The “Button” (Hemostatic Patches)
Among the novel approaches and adjuncts to manual compression, some operators are finding success with hemostatic patches.4,5 There are a variety of hemostatic patches, including the potassium ferrate StatSeal (Biolife), kaolin QuikClot (Z-Medica), the chitosan derivatives, including SoftSeal-STF (Chitogen Inc.), Clo-Sur PAD (Merit Medical), ChitoSeal (Abbott), and ExcelArrest (Hemostasis, LLC), the thrombin D-Stat (Teleflex), and the poly-n-acetyl-glucosamine SyvekExcel XL (Marine Polymer Technologies) (Tables 1-2). These topical hemostatic patches use different agents including thrombin, kaolin-impregnated gauze, chitosan derivatives, and potassium ferrate, to accelerate physiologic coagulation and clot formation by various pharmacologic, desiccant, and chemical actions. While not identical, these patches are thought to promote coagulation through bio adhesion between the positively charged chitosan and the negatively charged blood and tissue components. The patches appear to be most effective for punctures of shallow depths below the skin. These patches are not as appealing for femoral hemostasis over manual hemostasis alone, suggesting that some patches are less effective at the typical 3-4 cm depth of the femoral arteriotomy. Moreover, hemostatic patches must complete with femoral vascular closure devices, which enjoy an acceptably high success rate for hemostasis. For radial hemostasis, a recent multicenter study suggested that the potassium ferrate patch can consistently facilitate a 40-60 minute TR Band removal time.4
The Bottom Line
In my view, the biggest advance in cardiac catheterization since my entry into the field (not including the birth of PCI) is the change from femoral to radial access. While all cath lab operators will always need to be competent in both approaches, our radial revolution (in the USA) is moving forward with more operators recognizing and patients receiving the benefits. It is very gratifying to learn of new and better ways to do something that helps our patients and health care systems. Maybe manual compression (with or without a button) for radial puncture hemostasis will be one of them. What’ll it be for you?
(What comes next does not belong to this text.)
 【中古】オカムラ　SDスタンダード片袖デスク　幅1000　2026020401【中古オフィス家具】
Hand, band, or “button”?
- Kern M. Lessons learned from implementing a “radial first” program. Cath Lab Digest. 2010 July;18(7): 6-9. Available online at https://www.cathlabdigest.com/article/What-We-Learned-After-Starting-%E2%80%98Radial-First%E2%80%99-Program.
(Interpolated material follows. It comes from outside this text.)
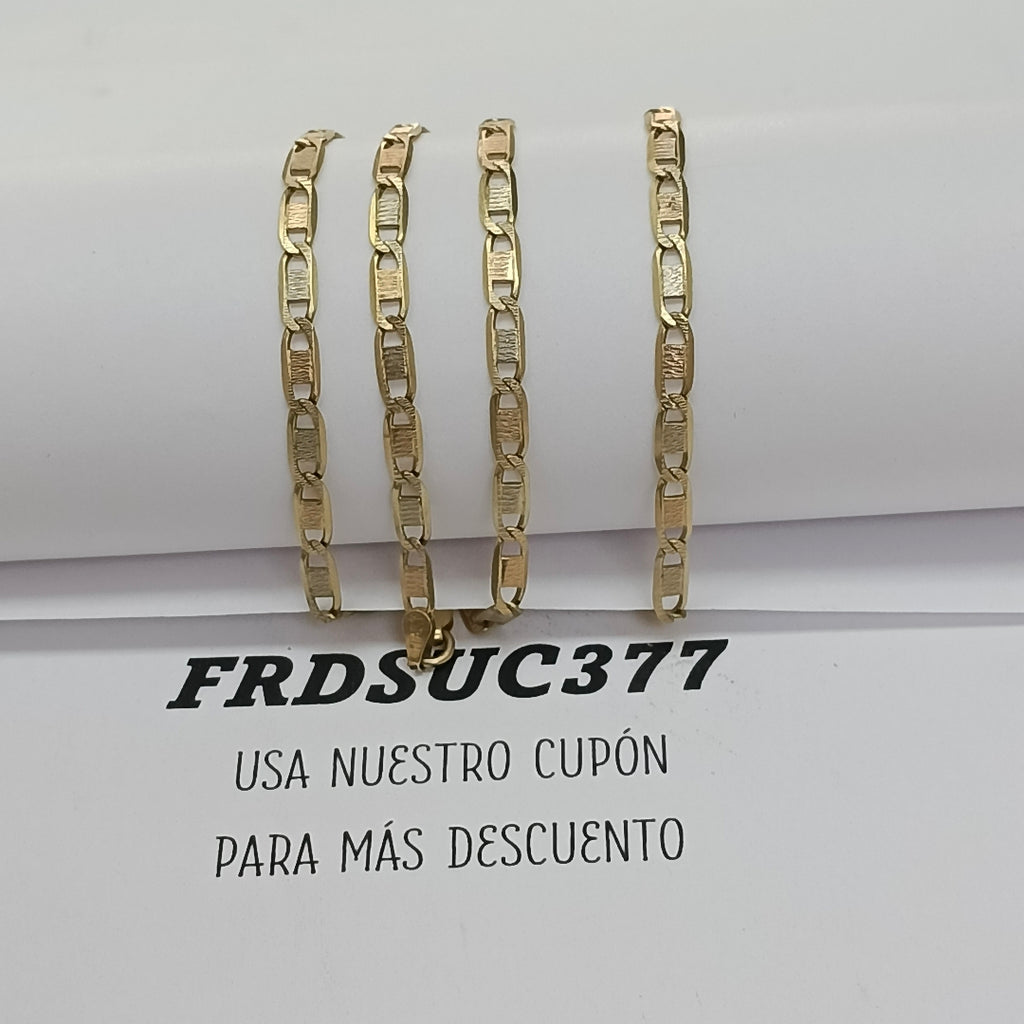 CADENA ORO 14 K 9.1 GRMS (SEMINUEVO)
- Pancholy S, Bernat I, Bertrand O, Patel T. Prevention of radial artery occlusion after transradial catheterization. The PROPHET-II randomized trial. JACC Cardiovasc Interv. 2016 Oct 10; 9(19): 1992-1999. doi: 10.1016/j.jcin.2016.07.020.
- Roberts JS, Niu J. A novel technique for simultaneous hemostasis of ipsilateral radial and ulnar artery access sites. Catheter Cardiovasc Interv. 2018 Apr 1; 91(5): 901-904.
- Seto AH, Rollefson W, Patel MP, et al. Radial hemostasis is facilitated with a potassium ferrate hemostatic patch: the Statseal with TR band assessment trial (STAT). EuroIntervention. 2018 May 15. pii: EIJ-D-18-00101.
- Rocco V, Narins CR. Use of the SafeSeal hemostasis patch following coronary intervention. Cath Lab Digest. 2008 Nov; 16(11). Available online at https://www.cathlabdigest.com/articles/Use-SafeSeal-Hemostasis-Patch-Following-Coronary-Intervention. Accessed June 21, 2018.
- Petroglou D, Didagelos M, Chalikias G, et al. Manual versus mechanical compression of the radial artery after transradial coronary angiography: the memory multicenter randomized trial. JACC Cardiovasc Interv. 2018 Jun 11; 11(11): 1050-1058.
Disclosure: Dr. Kern is a consultant for Abiomed, Merit Medical, Abbott Vascular, Philips Volcano, ACIST Medical, Opsens Inc., and Heartflow Inc.